Task directions: In the data that follows, find the line with "Relaxed Fit Denim Jeans | Light Blue"; transcribe it, every later line up to the one with "Doodles Music Samsung Galaxy A36 Case FE3413", and that line as well, exactly and with no others.
(Data under study Opens)
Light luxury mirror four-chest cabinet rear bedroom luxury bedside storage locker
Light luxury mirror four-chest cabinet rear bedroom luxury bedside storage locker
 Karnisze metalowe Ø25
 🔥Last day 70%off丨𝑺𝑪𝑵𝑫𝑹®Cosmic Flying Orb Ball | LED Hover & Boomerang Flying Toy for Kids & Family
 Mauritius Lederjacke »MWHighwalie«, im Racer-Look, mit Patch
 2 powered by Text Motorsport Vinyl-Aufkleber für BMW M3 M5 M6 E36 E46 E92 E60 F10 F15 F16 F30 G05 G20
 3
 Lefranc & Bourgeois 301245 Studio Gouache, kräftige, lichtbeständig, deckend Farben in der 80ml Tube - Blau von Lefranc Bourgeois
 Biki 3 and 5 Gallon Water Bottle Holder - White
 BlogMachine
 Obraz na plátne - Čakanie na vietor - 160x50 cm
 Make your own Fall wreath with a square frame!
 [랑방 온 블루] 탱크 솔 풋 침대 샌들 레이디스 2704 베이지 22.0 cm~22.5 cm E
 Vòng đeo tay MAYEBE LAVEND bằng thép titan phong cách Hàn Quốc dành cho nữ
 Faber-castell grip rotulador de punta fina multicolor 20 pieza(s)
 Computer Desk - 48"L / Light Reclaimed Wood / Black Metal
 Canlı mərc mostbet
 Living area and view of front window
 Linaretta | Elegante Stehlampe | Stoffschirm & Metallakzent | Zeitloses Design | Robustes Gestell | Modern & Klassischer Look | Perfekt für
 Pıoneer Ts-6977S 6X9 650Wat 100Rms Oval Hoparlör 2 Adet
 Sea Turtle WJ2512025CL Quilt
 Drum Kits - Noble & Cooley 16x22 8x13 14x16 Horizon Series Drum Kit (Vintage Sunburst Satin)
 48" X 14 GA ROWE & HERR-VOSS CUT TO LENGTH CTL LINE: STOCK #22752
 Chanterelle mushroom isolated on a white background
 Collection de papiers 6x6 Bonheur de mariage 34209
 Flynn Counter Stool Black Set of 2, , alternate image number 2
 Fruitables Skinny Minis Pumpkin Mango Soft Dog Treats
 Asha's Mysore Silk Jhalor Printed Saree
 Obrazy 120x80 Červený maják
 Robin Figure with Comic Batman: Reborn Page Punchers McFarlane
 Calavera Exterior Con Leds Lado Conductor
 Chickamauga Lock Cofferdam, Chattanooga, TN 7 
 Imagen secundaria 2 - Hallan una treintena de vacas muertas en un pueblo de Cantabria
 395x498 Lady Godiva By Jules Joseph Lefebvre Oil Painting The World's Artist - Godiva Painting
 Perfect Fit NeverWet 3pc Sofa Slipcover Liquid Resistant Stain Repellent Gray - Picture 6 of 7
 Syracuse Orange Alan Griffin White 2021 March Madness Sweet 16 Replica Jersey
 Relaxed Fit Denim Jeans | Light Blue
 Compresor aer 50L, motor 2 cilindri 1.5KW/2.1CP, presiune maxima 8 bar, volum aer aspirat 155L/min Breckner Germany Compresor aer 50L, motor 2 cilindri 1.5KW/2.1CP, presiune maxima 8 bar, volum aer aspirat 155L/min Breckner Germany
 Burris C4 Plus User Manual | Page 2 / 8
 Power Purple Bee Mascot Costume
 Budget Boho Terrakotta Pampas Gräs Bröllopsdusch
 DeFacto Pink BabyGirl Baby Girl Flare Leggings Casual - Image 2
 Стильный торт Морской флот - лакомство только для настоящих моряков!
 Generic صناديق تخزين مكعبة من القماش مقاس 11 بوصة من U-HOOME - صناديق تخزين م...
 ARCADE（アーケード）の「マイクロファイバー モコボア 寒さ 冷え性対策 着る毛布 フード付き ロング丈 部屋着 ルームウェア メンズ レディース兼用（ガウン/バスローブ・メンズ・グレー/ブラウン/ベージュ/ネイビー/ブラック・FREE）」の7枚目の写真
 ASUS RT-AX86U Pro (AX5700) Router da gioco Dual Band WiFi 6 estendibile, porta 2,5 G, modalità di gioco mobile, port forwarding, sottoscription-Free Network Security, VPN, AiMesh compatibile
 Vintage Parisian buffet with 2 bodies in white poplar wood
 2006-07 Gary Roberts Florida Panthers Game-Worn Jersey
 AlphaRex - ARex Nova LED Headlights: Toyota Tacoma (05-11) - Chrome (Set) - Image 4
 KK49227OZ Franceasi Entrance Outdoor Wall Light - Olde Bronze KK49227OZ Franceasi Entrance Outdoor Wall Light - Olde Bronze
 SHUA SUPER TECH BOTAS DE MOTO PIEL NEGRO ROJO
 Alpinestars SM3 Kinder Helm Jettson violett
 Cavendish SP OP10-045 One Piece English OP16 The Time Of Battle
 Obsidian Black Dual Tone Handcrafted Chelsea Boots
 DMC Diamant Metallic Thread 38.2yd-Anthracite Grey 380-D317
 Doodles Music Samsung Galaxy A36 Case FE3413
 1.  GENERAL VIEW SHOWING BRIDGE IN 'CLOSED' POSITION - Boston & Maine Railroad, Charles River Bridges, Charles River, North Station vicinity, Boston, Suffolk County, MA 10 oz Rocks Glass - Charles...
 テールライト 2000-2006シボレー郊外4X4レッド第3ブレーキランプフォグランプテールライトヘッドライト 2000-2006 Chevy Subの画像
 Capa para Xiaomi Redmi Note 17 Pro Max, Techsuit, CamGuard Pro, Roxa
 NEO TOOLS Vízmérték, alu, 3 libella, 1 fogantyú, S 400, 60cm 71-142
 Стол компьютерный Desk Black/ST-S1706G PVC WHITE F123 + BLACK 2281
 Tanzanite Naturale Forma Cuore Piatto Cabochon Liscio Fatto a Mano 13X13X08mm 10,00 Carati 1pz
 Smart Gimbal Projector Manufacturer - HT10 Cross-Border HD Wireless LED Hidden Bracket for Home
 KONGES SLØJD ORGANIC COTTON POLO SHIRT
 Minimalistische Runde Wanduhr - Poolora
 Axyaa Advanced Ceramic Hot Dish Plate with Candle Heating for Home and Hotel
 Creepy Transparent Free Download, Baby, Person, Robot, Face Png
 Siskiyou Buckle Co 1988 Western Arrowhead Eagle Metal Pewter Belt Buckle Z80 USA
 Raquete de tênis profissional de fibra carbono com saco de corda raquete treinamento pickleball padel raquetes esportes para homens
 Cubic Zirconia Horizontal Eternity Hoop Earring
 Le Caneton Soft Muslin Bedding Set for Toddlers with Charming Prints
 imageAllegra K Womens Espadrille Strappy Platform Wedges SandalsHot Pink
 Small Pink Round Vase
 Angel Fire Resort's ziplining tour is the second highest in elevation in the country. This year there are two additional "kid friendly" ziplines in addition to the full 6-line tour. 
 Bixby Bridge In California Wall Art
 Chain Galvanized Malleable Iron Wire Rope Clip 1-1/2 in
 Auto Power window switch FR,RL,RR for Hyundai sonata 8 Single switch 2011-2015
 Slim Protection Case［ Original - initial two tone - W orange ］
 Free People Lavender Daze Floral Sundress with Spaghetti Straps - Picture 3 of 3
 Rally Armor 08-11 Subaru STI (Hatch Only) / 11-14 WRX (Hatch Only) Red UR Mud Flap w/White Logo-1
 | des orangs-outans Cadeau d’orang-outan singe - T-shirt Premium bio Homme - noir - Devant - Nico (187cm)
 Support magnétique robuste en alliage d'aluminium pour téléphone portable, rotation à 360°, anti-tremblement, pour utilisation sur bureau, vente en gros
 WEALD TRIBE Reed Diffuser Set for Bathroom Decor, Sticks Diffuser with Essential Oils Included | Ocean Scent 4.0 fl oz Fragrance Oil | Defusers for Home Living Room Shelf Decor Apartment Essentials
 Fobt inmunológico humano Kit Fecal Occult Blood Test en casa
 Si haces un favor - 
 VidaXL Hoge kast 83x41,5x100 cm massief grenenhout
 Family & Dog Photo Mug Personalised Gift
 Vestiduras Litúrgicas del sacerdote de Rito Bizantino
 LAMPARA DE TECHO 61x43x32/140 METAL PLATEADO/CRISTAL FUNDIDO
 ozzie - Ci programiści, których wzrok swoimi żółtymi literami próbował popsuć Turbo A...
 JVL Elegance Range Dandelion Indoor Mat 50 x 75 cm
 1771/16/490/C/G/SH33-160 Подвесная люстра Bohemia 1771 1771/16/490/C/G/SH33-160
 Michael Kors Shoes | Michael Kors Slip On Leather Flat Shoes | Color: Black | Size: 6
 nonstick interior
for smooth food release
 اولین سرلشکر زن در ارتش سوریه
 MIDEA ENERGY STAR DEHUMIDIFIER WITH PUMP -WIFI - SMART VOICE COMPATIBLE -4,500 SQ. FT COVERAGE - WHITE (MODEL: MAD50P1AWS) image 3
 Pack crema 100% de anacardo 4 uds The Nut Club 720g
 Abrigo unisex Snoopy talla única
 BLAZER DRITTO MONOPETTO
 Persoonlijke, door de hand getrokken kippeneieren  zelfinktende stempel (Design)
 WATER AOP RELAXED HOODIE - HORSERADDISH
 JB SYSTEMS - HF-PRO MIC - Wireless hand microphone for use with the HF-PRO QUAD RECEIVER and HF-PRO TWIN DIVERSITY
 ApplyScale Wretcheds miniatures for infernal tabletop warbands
(Data under study Closes)
Written solution:
 Relaxed Fit Denim Jeans | Light Blue
 Compresor aer 50L, motor 2 cilindri 1.5KW/2.1CP, presiune maxima 8 bar, volum aer aspirat 155L/min Breckner Germany Compresor aer 50L, motor 2 cilindri 1.5KW/2.1CP, presiune maxima 8 bar, volum aer aspirat 155L/min Breckner Germany
 Burris C4 Plus User Manual | Page 2 / 8
 Power Purple Bee Mascot Costume
 Budget Boho Terrakotta Pampas Gräs Bröllopsdusch
 DeFacto Pink BabyGirl Baby Girl Flare Leggings Casual - Image 2
 Стильный торт Морской флот - лакомство только для настоящих моряков!
 Generic صناديق تخزين مكعبة من القماش مقاس 11 بوصة من U-HOOME - صناديق تخزين م...
 ARCADE（アーケード）の「マイクロファイバー モコボア 寒さ 冷え性対策 着る毛布 フード付き ロング丈 部屋着 ルームウェア メンズ レディース兼用（ガウン/バスローブ・メンズ・グレー/ブラウン/ベージュ/ネイビー/ブラック・FREE）」の7枚目の写真
 ASUS RT-AX86U Pro (AX5700) Router da gioco Dual Band WiFi 6 estendibile, porta 2,5 G, modalità di gioco mobile, port forwarding, sottoscription-Free Network Security, VPN, AiMesh compatibile
 Vintage Parisian buffet with 2 bodies in white poplar wood
 2006-07 Gary Roberts Florida Panthers Game-Worn Jersey
 AlphaRex - ARex Nova LED Headlights: Toyota Tacoma (05-11) - Chrome (Set) - Image 4
 KK49227OZ Franceasi Entrance Outdoor Wall Light - Olde Bronze KK49227OZ Franceasi Entrance Outdoor Wall Light - Olde Bronze
 SHUA SUPER TECH BOTAS DE MOTO PIEL NEGRO ROJO
 Alpinestars SM3 Kinder Helm Jettson violett
 Cavendish SP OP10-045 One Piece English OP16 The Time Of Battle
 Obsidian Black Dual Tone Handcrafted Chelsea Boots
 DMC Diamant Metallic Thread 38.2yd-Anthracite Grey 380-D317
 Doodles Music Samsung Galaxy A36 Case FE3413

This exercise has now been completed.